Watch CT logs for certs issued for your domains, and diff against an inventory of certs your own load balancers have issued. Anything left over is a potential hijack.

How it works

        certstream WS                                    n8n / etc.
              │                                              ▲
              ▼                                              │ POST
       ┌──────────────┐  match on SANs    ┌──────────────┐   │
       │   watcher    ├─────────────────► │   webhook    ├───┘
       └──────┬───────┘  fp not in DB     └──────┬───────┘
              │ ▲                                │
              │ │ has_cert?                      ▼
              │ │                        ┌──────────────┐
              │ └────────── Postgres ────┤   alerts     │
              ▼                          └──────────────┘
       ┌──────────────┐                  ┌────────────────────────┐
       │ /healthz     │                  │ public.intent_current  │
       │ /metrics     │                  │ public.certs           │
       └──────────────┘                  │ (both upstream-managed)│
                                         └────────────────────────┘

A single asyncio process runs four concurrent tasks:

  1. watcher — consumes a certstream-server WS feed, matches each cert's SANs against the watch list, and on a hit checks public.certs to decide info-vs-suspicious
  2. api — FastAPI app exposing /healthz and /metrics only
  3. cleanup — prunes old alerts
  4. watch refresh — re-reads public.intent_current every WATCH_REFRESH_INTERVAL_S seconds

State lives in Postgres. Both the watched-domains list (public.intent_current) and the known-cert inventory (public.certs) are owned by upstream systems; certwatch only reads from them. The only table certwatch writes to is public.alerts.

Quick start

uv sync --extra test
psql "$POSTGRES_DSN" -f schema.sql        # create certs + alerts tables
POSTGRES_DSN=postgresql://user:pw@localhost/certwatch uv run -m certwatch

The service binds 127.0.0.1:8765 by default. Health check:

curl http://127.0.0.1:8765/healthz

Configuration (ENV)

Var Default Notes
POSTGRES_DSN (required) Postgres connection string, e.g. postgresql://user:pw@host:5432/db
CERTSTREAM_URL ws://localhost:8080/full-stream Upstream certstream-server
API_HOST 127.0.0.1 Bind addr
API_PORT 8765 Bind port
WEBHOOK_URL (unset → observer mode, log only) POST destination for alerts (your n8n endpoint)
WEBHOOK_TIMEOUT_S 10 Per-attempt timeout
CLEANUP_INTERVAL_S 3600 How often to prune
ALERT_RETENTION_S 2592000 Keep alerts 30 days
SUSPICIOUS_GRACE_S 10 Wait this long for upstream to land an fp in public.certs before flagging
WATCH_REFRESH_INTERVAL_S 60 How often to re-read public.intent_current
LOG_LEVEL INFO stdlib logging level

API

The service exposes two anonymous endpoints:

Endpoint Purpose
GET /healthz Liveness check; returns {ok, watch_entries, last_ct_event_at}.
GET /metrics Prometheus text-exposition scrape.

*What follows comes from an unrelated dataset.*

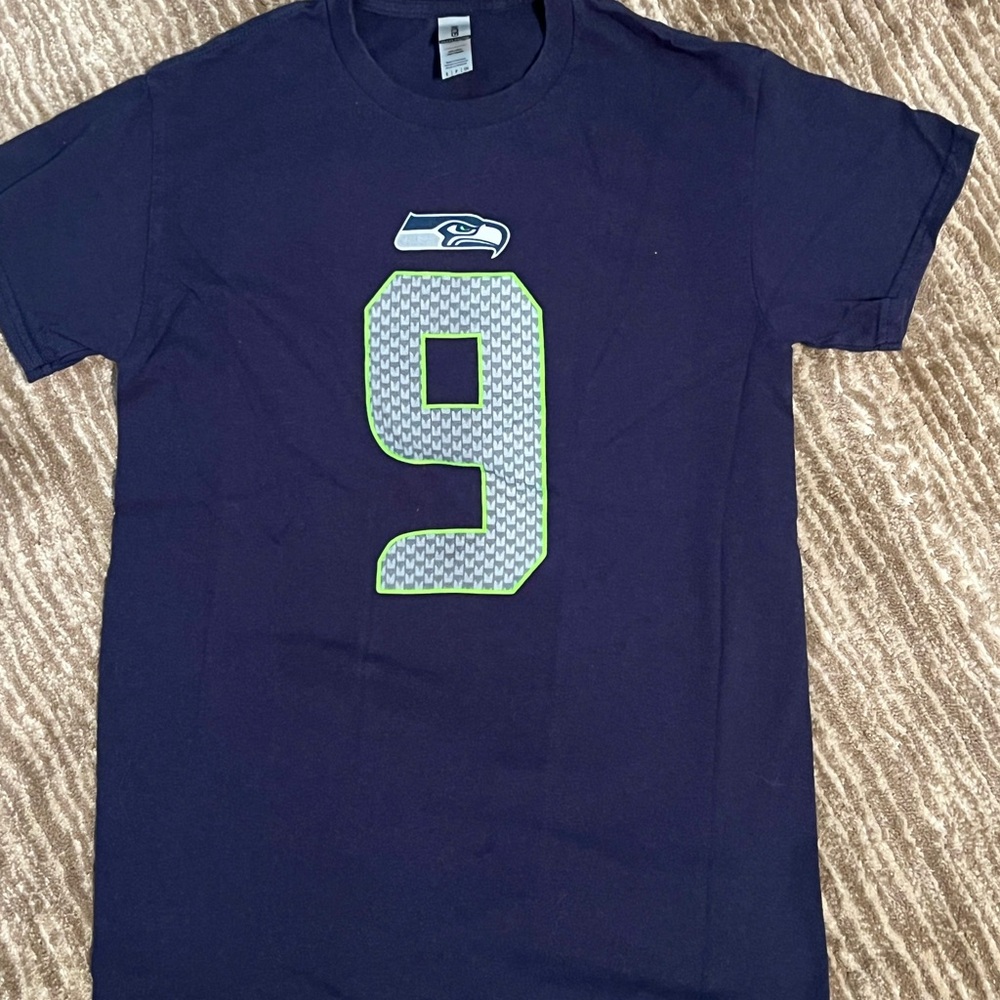 Seattle Seahawks Walker tshirt Youth size small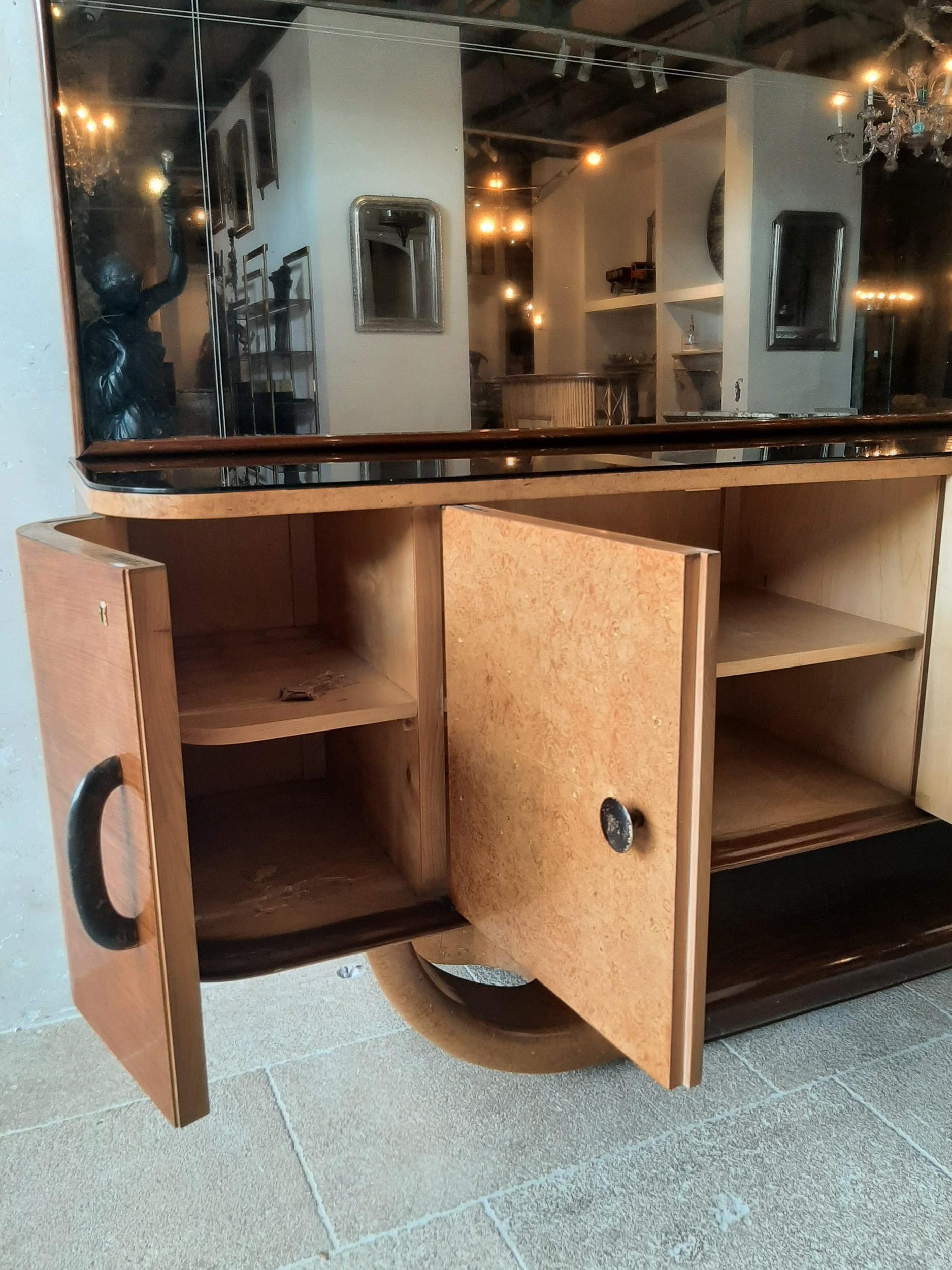 Mid-20th Century Italian Mid-Century Sideboard with Mirror Attributed to Osvaldo Borsani, 1940s For Sale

Inspect the data directly in Postgres:

-- what we're currently watching
SELECT fqdn FROM public.intent_current;

-- known-good certs (upstream-managed)
SELECT * FROM public.certs;

-- recent alerts (the only table certwatch writes to)
SELECT * FROM public.alerts ORDER BY id DESC LIMIT 50;

Match semantics: an entry example.org matches example.org and any subdomain (foo.example.org, a.b.example.org, …). A leading *. in the intent_current.fqdn value is stripped on read. SANs with a leading wildcard (*.X) match when their expansions overlap an entry's subtree.

Webhook payload (sent to WEBHOOK_URL)

Every cert whose SANs match the watch list produces a webhook event, classified by severity:

  • info — fingerprint is in the LB inventory. Doubles as a heartbeat: if you stop seeing these in n8n, the CT pipeline is dead or your LBs stopped rotating.
  • suspicious — fingerprint is NOT in inventory. Treat as a potential hijack until proven otherwise.
{
  "fingerprint_sha1": "9414f0d3...",
  "severity":        "suspicious",
  "matched_entries": ["ethereum.org"],
  "matched_sans":    ["foo.ethereum.org"],
  "all_sans":        ["foo.ethereum.org", "bar.example.com"],
  "issuer_o":        "Google Trust Services",
  "issuer_cn":       "WE1",
  "not_before":      1761915088,
  "not_after":       1769694679,
  "lifetime_days":   90.0,
  "source_log":      "Google 'Argon2026h1' log",
  "cert_link":       "https://ct.googleapis.com/...",
  "serial":          "B759154194BBEA621172F2F81C1017CD",
  "update_type":     "PrecertLogEntry",
  "seen_at":         1761918776
}

A single fingerprint is delivered at most once per process lifetime (in-memory LRU dedupe of the last 2048 fps), so the precert + final-cert pair that CT publishes for one issuance produces one webhook event, not two.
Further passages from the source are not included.